MultiCBR: Multi-view Contrastive Learning for Bundle Recommendation
Yunshan Ma, Yingzhi He, Xiang Wang, Yinwei Wei, Xiaoyu Du, Yuyangzi Fu, Tat-Seng Chua
TL;DR
MultiCBR advances bundle recommendation by introducing a three-view (UB, UI, BI) representation learning framework and an early fusion–late contrast strategy. By fusing the three view-specific embeddings before applying self-supervised contrast, it captures both cross-view and ego-view user preferences while using only two contrastive losses, improving efficiency. Empirical results on three benchmark datasets show consistent gains over state-of-the-art methods, with particularly large improvements on highly BI-sparse data like iFashion. The work also provides extensive ablations and model studies that validate the BI view's role in addressing BI sparsity and the effectiveness of the fusion design for multi-view collaboration.
Abstract
Bundle recommendation seeks to recommend a bundle of related items to users to improve both user experience and the profits of platform. Existing bundle recommendation models have progressed from capturing only user-bundle interactions to the modeling of multiple relations among users, bundles and items. CrossCBR, in particular, incorporates cross-view contrastive learning into a two-view preference learning framework, significantly improving SOTA performance. It does, however, have two limitations: 1) the two-view formulation does not fully exploit all the heterogeneous relations among users, bundles and items; and 2) the "early contrast and late fusion" framework is less effective in capturing user preference and difficult to generalize to multiple views. In this paper, we present MultiCBR, a novel Multi-view Contrastive learning framework for Bundle Recommendation. First, we devise a multi-view representation learning framework capable of capturing all the user-bundle, user-item and bundle-item relations, especially better utilizing the bundle-item affiliations to enhance sparse bundles' representations. Second, we innovatively adopt an "early fusion and late contrast" design that first fuses the multi-view representations before performing self-supervised contrastive learning.

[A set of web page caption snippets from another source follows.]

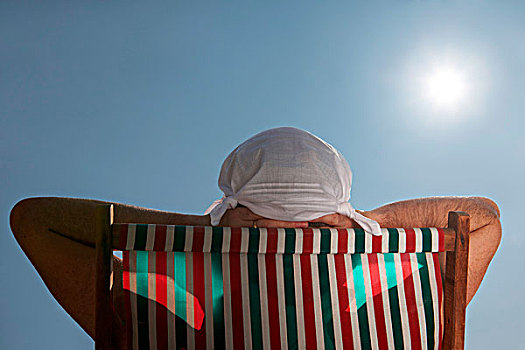 男人,日光浴,折叠躺椅,手绢,帽子,头部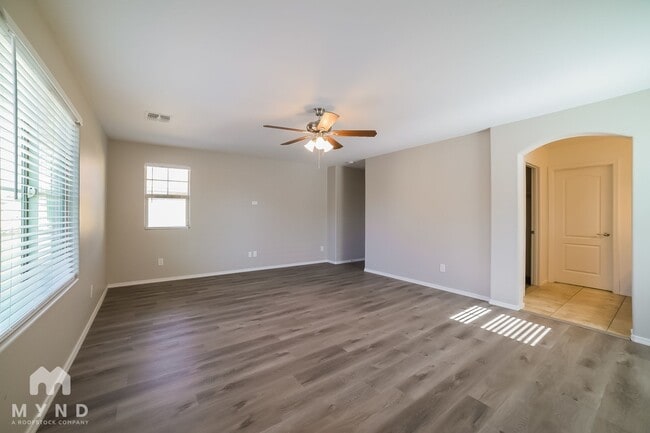 Foto del edificio - 2566 E Boston St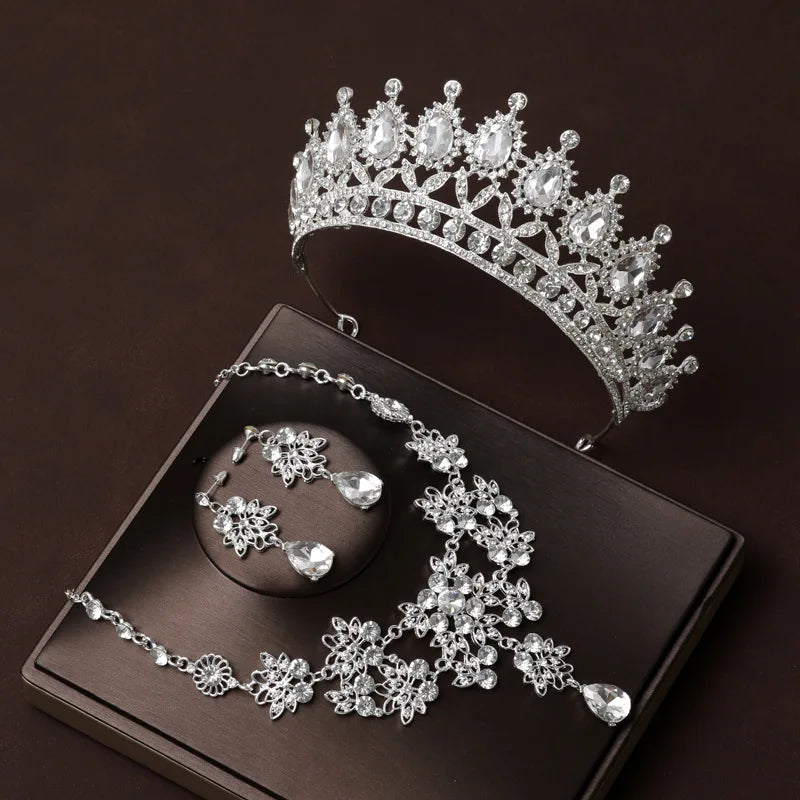 Lavinna™ Regal Crystal Bridal Jewelry Set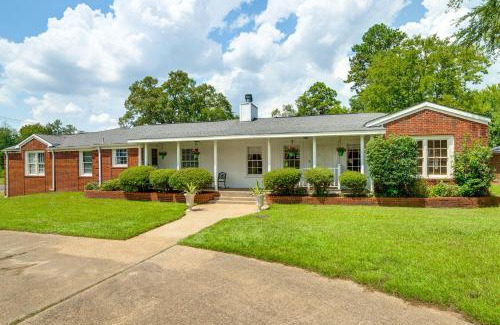 Flint Maison | 10 Mi to Lake Palestine Countryside Group Getaway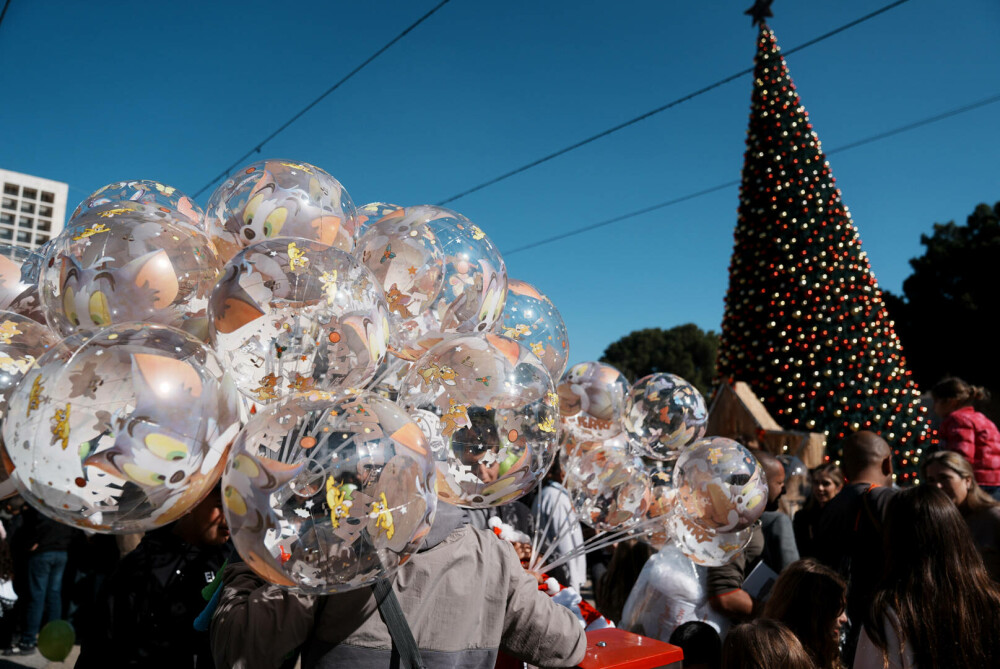 Crăciunul în jurul lumii. Cele mai frumoase imagini ale atmosferei de sărbătoare. GALERIE FOTO - Imaginea 9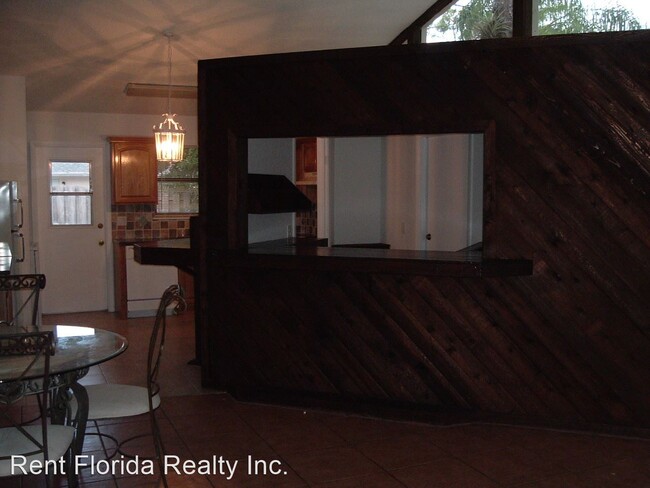 Building Photo - 2 br, 1 bath House - 1074 Goldenrod Road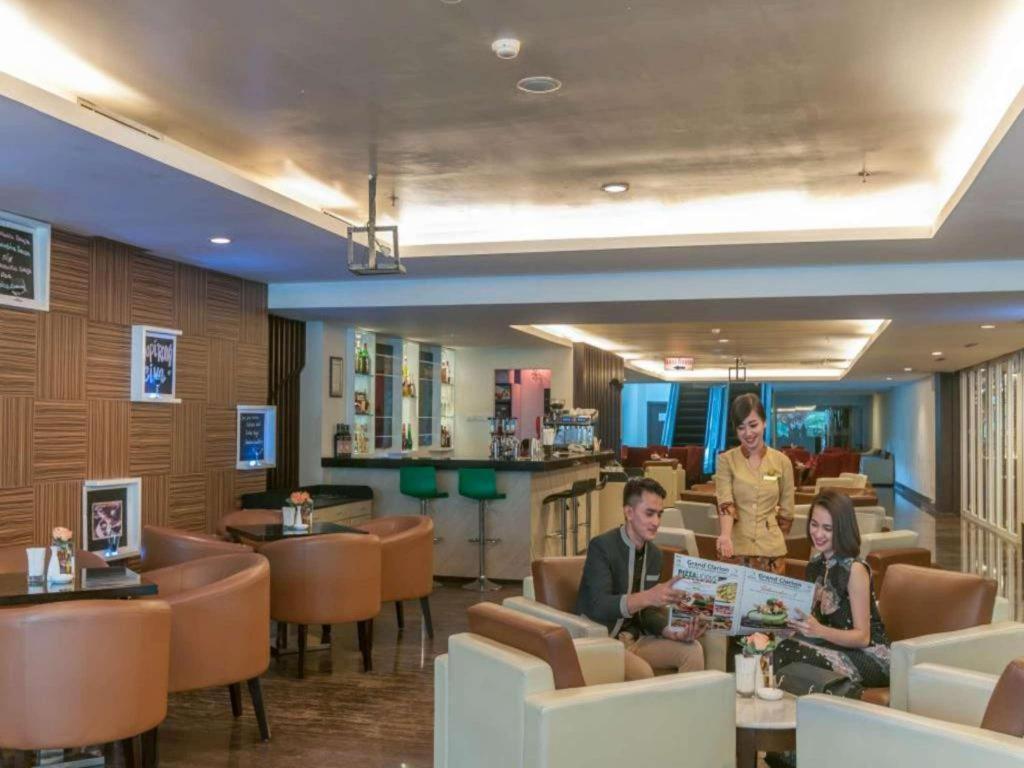 Claro Hotel Кендари Екстериор снимка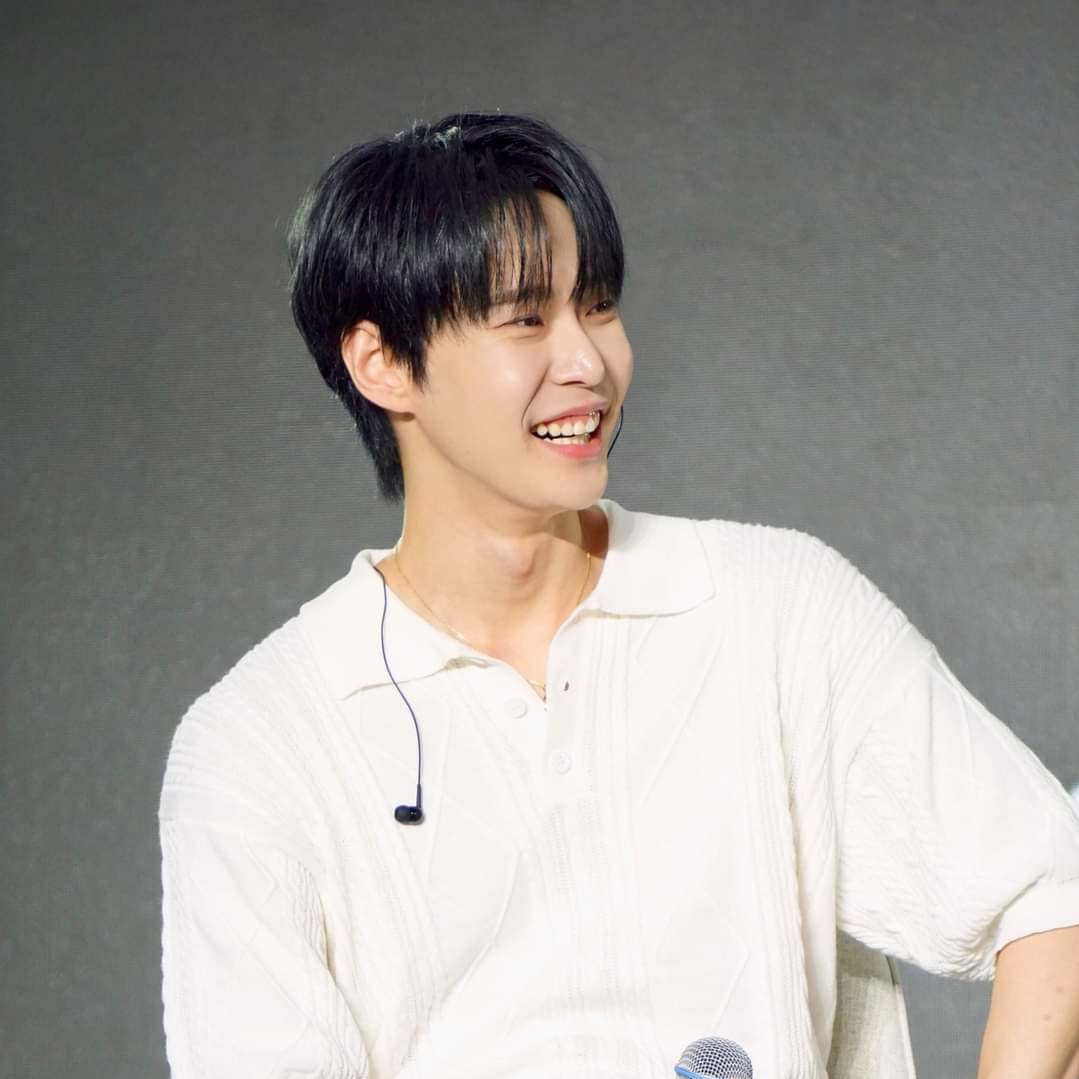 doyoung's gummy smile 🥹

In comparison to existing approaches, our framework reverses the order of fusion and contrast, introducing the following advantages: 1)our framework is capable of modeling both cross-view and ego-view preferences, allowing us to achieve enhanced user preference modeling; and 2) instead of requiring quadratic number of cross-view contrastive losses, we only require two self-supervised contrastive losses, resulting in minimal extra costs. Experimental results on three public datasets indicate that our method outperforms SOTA methods.